Source: Theology That Sticks
February 11, 2016
Like all divorces, this one is going to be messy. The complainant files papers saying she’s trapped in a loveless marriage. There’s neglect and even some abuse. What’s more she wants full custody of the kid and certain rights and privileges to the house and the bank accounts—none of which would exist if the plaintiff hadn’t built them in the first place.
Oh, I forgot. You’re the judge in this case. What do you do? It’s an important question because this is roughly where Christians sit today as people try divorcing Jesus from religion.
The complainant is the solitary Christian, burned out and disenchanted with religion, which the Christian accuses of abandonment and worse. This Christian wants total custody of Jesus, no strings attached, and rights to handle marital assets like doctrine, scripture, and the sacraments any way desired.
But this is where it gets messy. Divorcing Jesus from religion is harder than it looks.
What Jesus and the apostles did
It’s hard to see Jesus as an enemy of, or even disinterested in, religion when He taught doctrines, interpreted scripture, instructed His disciples to pray, appointed leaders within His movement, instituted ritual sacraments like communion and baptism, allowed his followers to call Him rabbi (“teacher”), and said things His followers wrote down and revered as scripture. Sounds pretty religious to me.

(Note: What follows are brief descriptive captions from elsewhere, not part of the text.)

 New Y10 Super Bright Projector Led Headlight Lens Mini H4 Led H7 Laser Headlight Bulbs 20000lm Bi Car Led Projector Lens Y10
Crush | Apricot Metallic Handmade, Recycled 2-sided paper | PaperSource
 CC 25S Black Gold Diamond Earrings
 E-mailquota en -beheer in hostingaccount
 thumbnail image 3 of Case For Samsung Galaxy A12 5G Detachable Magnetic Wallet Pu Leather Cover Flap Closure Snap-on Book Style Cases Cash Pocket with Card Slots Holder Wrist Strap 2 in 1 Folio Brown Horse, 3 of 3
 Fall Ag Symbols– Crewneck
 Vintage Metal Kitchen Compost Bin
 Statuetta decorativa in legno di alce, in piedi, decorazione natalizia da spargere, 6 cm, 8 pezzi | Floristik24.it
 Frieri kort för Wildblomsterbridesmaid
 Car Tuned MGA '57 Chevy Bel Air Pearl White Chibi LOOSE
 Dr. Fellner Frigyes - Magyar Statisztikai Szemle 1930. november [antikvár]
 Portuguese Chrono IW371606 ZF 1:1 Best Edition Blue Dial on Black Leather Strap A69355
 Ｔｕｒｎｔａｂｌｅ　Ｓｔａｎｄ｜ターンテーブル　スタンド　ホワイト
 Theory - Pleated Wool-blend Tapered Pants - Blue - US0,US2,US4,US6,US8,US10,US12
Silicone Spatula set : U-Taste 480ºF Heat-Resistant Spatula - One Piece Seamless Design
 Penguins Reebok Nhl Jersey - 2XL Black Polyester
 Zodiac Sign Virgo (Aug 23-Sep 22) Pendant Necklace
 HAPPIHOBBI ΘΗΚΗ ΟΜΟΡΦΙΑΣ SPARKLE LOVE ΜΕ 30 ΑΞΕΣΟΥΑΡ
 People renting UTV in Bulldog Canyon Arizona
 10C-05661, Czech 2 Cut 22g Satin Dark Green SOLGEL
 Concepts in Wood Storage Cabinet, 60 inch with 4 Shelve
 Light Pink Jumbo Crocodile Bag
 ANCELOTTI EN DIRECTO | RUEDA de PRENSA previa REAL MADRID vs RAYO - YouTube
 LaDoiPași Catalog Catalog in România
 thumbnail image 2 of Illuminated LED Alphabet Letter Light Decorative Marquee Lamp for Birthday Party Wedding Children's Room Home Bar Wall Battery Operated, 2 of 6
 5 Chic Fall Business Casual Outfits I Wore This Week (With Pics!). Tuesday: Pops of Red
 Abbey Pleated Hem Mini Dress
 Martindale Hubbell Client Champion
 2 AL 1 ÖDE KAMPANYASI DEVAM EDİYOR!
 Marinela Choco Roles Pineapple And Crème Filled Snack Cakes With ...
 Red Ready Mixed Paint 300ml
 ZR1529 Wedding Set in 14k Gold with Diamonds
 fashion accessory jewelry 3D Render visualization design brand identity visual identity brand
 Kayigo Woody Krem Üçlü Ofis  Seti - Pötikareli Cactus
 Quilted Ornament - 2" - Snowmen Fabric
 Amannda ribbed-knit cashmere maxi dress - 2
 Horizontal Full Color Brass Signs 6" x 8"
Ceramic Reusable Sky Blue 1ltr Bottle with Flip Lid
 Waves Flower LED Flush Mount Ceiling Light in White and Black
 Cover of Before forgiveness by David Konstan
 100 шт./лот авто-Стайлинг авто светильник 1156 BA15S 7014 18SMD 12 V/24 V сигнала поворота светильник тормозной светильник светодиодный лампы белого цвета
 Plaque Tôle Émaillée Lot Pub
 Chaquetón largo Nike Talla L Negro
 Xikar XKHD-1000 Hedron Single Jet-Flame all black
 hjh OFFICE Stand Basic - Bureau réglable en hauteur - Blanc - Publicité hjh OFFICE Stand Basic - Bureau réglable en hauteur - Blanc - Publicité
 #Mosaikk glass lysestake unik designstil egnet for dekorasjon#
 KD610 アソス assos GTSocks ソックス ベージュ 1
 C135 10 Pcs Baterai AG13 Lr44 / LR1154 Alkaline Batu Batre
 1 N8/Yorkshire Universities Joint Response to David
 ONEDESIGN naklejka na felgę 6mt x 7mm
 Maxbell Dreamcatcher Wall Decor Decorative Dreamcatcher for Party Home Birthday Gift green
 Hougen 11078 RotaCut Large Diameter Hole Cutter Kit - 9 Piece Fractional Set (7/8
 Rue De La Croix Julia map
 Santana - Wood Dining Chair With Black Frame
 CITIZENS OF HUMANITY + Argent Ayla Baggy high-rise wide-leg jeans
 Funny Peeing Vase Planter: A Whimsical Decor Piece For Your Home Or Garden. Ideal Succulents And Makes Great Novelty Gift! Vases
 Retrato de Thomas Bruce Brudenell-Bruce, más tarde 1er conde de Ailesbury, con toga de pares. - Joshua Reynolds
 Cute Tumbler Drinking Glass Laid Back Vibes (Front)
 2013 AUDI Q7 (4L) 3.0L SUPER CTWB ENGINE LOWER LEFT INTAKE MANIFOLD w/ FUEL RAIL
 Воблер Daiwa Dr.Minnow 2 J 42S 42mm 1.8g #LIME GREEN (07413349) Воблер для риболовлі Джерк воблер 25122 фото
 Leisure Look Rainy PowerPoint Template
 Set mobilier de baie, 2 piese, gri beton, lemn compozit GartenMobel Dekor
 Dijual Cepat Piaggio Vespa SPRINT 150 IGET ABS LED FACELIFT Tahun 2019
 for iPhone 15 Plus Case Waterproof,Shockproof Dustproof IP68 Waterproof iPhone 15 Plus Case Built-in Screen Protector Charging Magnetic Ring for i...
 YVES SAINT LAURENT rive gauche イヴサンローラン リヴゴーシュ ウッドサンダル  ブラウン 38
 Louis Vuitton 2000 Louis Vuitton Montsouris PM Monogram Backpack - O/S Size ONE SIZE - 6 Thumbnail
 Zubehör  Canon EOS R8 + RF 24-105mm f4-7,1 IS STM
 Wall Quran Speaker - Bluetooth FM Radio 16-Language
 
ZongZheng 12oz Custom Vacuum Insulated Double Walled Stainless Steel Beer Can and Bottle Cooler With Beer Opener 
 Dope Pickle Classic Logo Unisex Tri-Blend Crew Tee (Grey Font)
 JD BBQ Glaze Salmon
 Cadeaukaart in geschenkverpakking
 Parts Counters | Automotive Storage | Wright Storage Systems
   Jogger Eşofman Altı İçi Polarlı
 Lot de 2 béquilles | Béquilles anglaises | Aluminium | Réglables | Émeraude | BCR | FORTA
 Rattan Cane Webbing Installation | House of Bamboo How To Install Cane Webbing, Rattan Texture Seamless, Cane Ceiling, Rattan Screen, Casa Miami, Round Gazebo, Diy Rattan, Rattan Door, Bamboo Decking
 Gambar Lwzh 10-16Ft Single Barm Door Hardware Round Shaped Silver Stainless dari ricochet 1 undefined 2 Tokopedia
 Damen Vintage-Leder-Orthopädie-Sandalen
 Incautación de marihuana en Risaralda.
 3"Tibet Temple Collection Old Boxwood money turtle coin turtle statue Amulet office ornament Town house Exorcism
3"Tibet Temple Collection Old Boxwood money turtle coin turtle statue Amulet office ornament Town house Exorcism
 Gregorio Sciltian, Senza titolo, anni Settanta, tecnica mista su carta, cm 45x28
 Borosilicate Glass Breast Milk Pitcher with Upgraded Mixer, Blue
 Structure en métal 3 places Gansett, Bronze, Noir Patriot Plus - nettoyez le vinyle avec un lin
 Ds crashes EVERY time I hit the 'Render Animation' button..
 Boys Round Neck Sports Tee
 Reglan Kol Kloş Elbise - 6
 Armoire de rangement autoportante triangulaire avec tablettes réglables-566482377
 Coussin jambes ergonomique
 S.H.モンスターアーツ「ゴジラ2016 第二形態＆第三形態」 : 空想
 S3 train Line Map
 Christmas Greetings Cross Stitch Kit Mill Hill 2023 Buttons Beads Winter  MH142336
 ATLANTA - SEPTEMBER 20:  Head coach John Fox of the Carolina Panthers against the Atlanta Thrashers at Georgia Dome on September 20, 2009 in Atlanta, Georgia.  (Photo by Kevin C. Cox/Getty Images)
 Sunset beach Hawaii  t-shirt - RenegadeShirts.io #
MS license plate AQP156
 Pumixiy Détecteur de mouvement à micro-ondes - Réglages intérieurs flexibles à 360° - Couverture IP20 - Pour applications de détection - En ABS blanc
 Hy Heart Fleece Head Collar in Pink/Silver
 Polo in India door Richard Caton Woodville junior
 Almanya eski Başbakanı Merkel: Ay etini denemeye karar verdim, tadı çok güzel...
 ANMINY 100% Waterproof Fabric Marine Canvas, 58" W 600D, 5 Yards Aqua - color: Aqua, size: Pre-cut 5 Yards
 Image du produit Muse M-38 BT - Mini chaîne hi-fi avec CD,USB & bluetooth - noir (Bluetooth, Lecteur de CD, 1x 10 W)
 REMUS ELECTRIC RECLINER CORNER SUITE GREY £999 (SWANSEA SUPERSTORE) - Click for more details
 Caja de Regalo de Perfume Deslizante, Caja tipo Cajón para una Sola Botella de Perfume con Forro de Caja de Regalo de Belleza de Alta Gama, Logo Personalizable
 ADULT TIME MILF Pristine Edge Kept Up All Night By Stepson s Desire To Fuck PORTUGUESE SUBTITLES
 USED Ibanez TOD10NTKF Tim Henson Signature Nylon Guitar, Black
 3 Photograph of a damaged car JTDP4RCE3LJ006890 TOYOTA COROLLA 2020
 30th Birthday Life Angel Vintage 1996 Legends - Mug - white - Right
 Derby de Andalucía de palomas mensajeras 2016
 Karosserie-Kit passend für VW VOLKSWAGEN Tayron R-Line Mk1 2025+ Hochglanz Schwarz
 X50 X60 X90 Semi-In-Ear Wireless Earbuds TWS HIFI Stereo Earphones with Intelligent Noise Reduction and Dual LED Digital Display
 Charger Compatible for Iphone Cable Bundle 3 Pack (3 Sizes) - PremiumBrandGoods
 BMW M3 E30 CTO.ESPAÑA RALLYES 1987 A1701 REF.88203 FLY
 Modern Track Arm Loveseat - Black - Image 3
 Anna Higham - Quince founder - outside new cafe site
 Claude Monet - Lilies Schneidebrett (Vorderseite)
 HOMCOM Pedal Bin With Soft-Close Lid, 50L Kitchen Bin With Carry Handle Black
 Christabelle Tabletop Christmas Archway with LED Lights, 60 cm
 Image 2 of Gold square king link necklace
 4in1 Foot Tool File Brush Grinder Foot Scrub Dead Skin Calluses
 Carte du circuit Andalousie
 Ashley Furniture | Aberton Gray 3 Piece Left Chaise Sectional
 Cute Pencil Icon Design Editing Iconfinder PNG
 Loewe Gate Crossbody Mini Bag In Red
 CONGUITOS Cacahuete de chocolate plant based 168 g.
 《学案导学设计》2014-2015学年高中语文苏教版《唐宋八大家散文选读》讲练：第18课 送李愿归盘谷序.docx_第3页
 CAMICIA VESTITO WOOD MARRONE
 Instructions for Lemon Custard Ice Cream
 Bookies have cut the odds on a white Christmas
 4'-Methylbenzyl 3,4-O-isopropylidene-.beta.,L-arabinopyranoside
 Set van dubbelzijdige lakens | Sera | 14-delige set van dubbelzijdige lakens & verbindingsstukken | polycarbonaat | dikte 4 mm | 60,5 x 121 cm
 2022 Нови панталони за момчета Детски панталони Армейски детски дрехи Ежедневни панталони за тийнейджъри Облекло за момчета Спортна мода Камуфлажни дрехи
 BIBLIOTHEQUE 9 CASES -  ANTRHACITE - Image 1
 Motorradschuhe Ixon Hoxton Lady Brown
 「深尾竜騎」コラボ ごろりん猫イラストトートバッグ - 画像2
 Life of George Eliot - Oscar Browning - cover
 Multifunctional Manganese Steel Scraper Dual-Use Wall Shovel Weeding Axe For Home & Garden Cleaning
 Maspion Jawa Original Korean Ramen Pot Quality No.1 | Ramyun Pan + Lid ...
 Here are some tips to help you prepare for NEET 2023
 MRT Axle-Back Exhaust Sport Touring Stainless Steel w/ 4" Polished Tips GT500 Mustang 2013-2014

Alright, what if we only go that far? What if we allow that Jesus embodied and taught something we might begrudgingly call religion. Shouldn’t we be able to separate that from “institutional” religion? Maybe we need to amend the complaint and divorce Jesus from the Church. Yeah, I’m afraid that’s just as messy.
After Jesus’ death and resurrection, His apostles assumed control of what exactly? The New Testament writings assume an institutional Church. The apostles and others in leadership clearly exercise authority. Look the courtroom-like setting of the story of Ananias and Sapphira.
Or look at the Jerusalem council and the presidential role played by Jesus’ own brother, James the Just (see Acts 15). As bishop over the city, his determination regarding how the faith should be practiced was considered binding.
Paul and Peter and the other apostles carried this model wherever they established the Church—appointing bishops, empowering elders (presbyters), writing that Christians in their community should submit themselves to their authority: “Remember your leaders, those who spoke to you the word of God ... Obey your leaders and submit to them; for they are keeping watch over your souls” (Heb 13.7, 17).
We get some pictures of this in action: If the body at Corinth had no institutional authority, for one example, Paul’s direction to excommunicate one of its members (and later direction to restore him) would make no sense.
Let no one put asunder
None of this is to say that religion cannot be distorted or that its leaders cannot abuse adherents. Happens all the time. In the face of distorted and abusive expressions of religion, it’s tempting to think that we can simply separate Jesus from that mess and have Him all to ourselves. But it doesn’t and cannot work that way.
You can’t divorce Jesus from the Church and keep the New Testament because the New Testament becomes a mess of self-contradiction if it doesn’t pertain to a religion that has an institutional expression.
The Church is mixed body, wheat and tares till the end. But the reality of our sinfulness doesn’t preclude obedience and submission as we grow; it’s part of our growth. Extreme circumstances might necessitate disengagement, but they don’t justify abandoning the relationship—even the concept of that relationship—altogether. That’s something worth standing and fighting for.
Divorcing Jesus from religion tears the whole thing apart. No one will walk out of the courtroom the winner.